══ RECORDED DATA ══

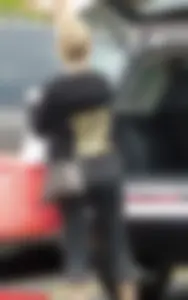 Juicy blonde booty in black leggings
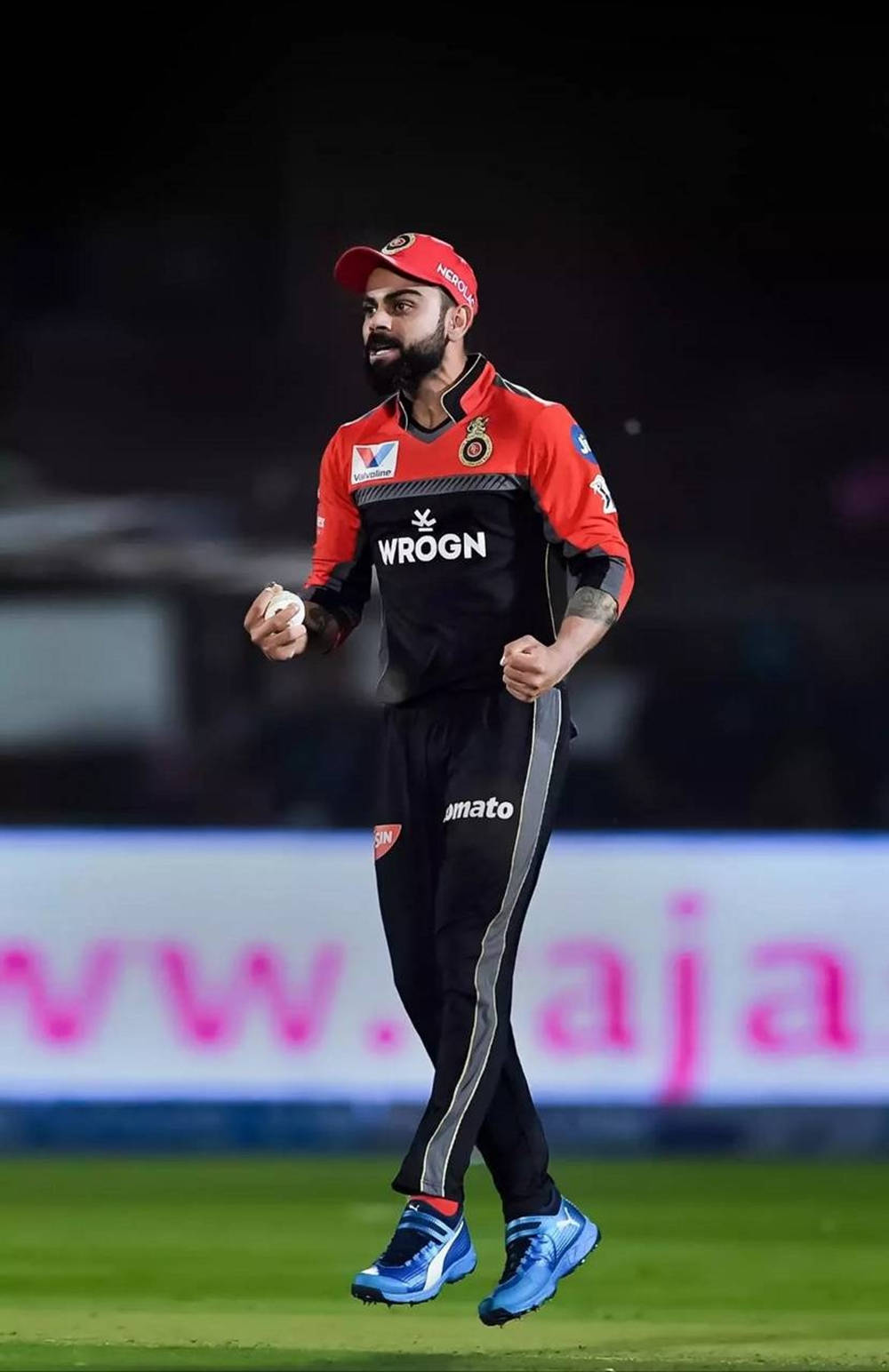 virat kohli rcb 桌布 壁紙 — 板球運動員維拉特·哥利戴著紅色帽子和穿著紅色球衣，在體育場燈光下的綠色場地上邁步。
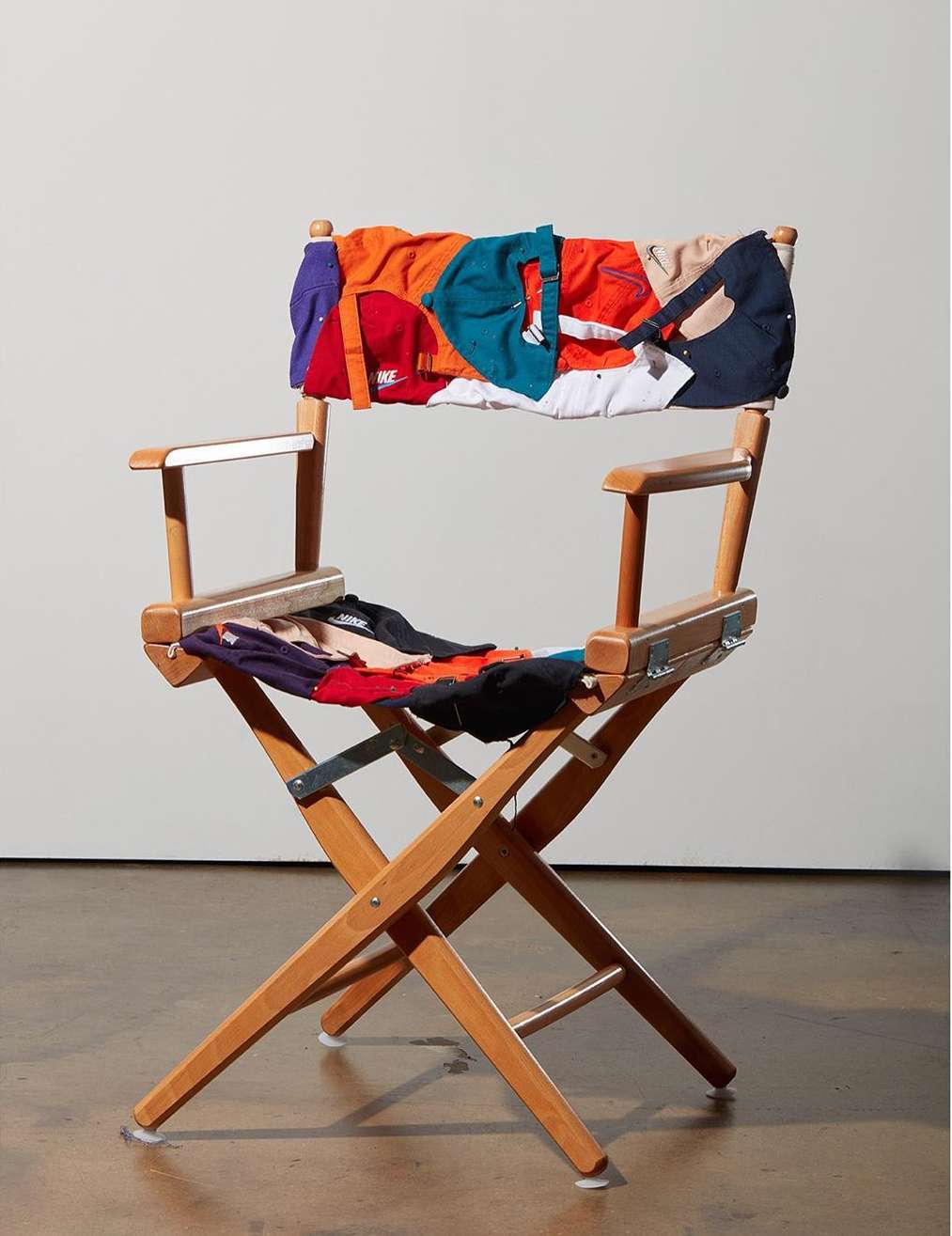 Director's chair upholstered with multicolored fabric pieces in photo studio setting, visually striking piece of furniture, unique decor.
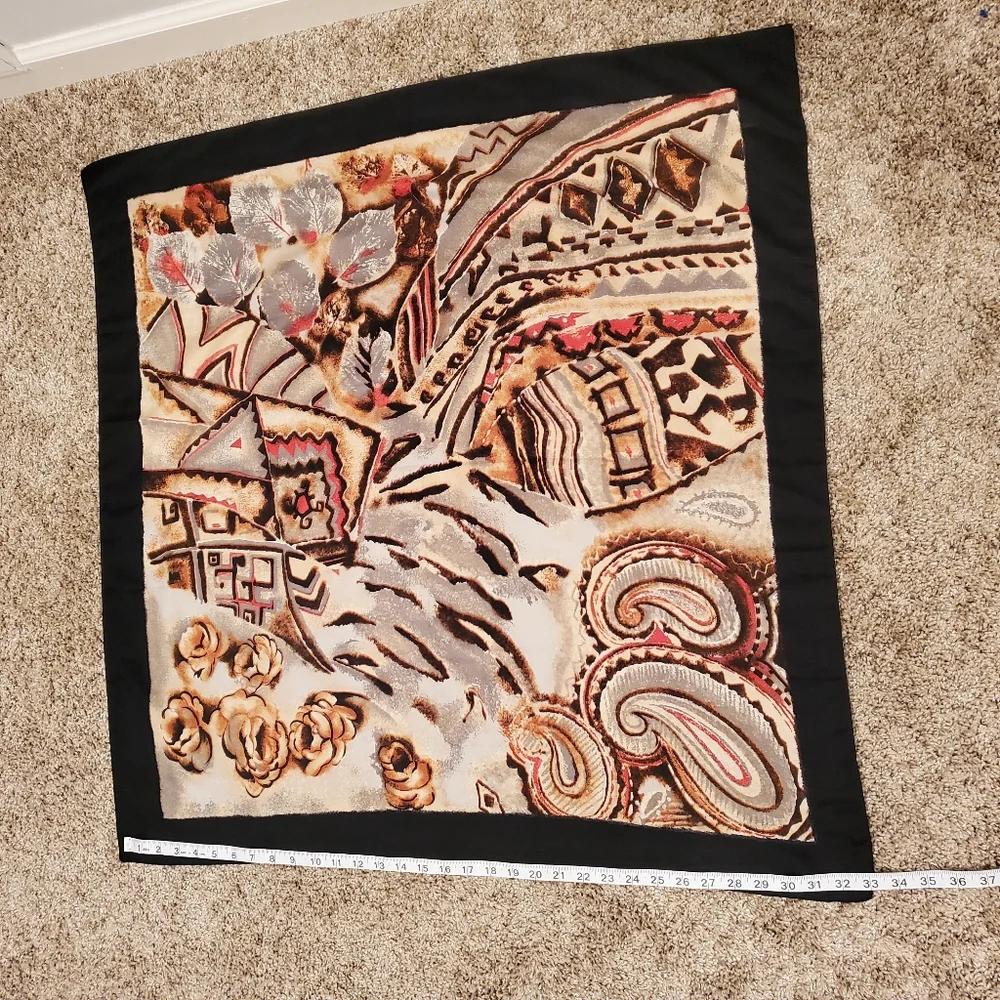 scarf with a black outline and a multi-colored abstract floral and paisley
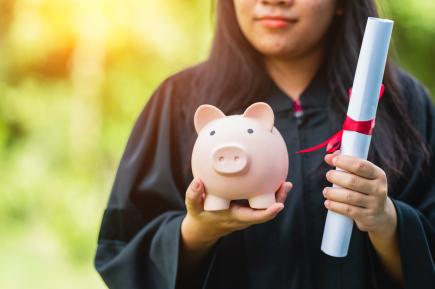 college graduate in cap and gown holding a diploma and a piggy bank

═══

### [GOAL OF THE EXERCISE]
Above is the material; set down exactly its lines from the one containing "virat kohli rcb" down to the one containing "Director's chair upholstered", both included, leaving out any pictures.

### [REPLY TO THE TASK]
 virat kohli rcb 桌布 壁紙 — 板球運動員維拉特·哥利戴著紅色帽子和穿著紅色球衣，在體育場燈光下的綠色場地上邁步。
 Director's chair upholstered with multicolored fabric pieces in photo studio setting, visually striking piece of furniture, unique decor.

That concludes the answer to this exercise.